■ **How to complete this task**: Write the data out again so that it matches word for word.

■ **Recorded information**:
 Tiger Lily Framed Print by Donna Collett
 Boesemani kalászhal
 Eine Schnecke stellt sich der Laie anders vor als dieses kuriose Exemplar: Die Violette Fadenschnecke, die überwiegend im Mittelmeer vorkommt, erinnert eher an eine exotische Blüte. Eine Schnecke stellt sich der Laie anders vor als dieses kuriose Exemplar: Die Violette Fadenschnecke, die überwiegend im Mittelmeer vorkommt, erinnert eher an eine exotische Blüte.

■ **Exercise solution**:
 Tiger Lily Framed Print by Donna Collett
 Boesemani kalászhal
 Eine Schnecke stellt sich der Laie anders vor als dieses kuriose Exemplar: Die Violette Fadenschnecke, die überwiegend im Mittelmeer vorkommt, erinnert eher an eine exotische Blüte. Eine Schnecke stellt sich der Laie anders vor als dieses kuriose Exemplar: Die Violette Fadenschnecke, die überwiegend im Mittelmeer vorkommt, erinnert eher an eine exotische Blüte.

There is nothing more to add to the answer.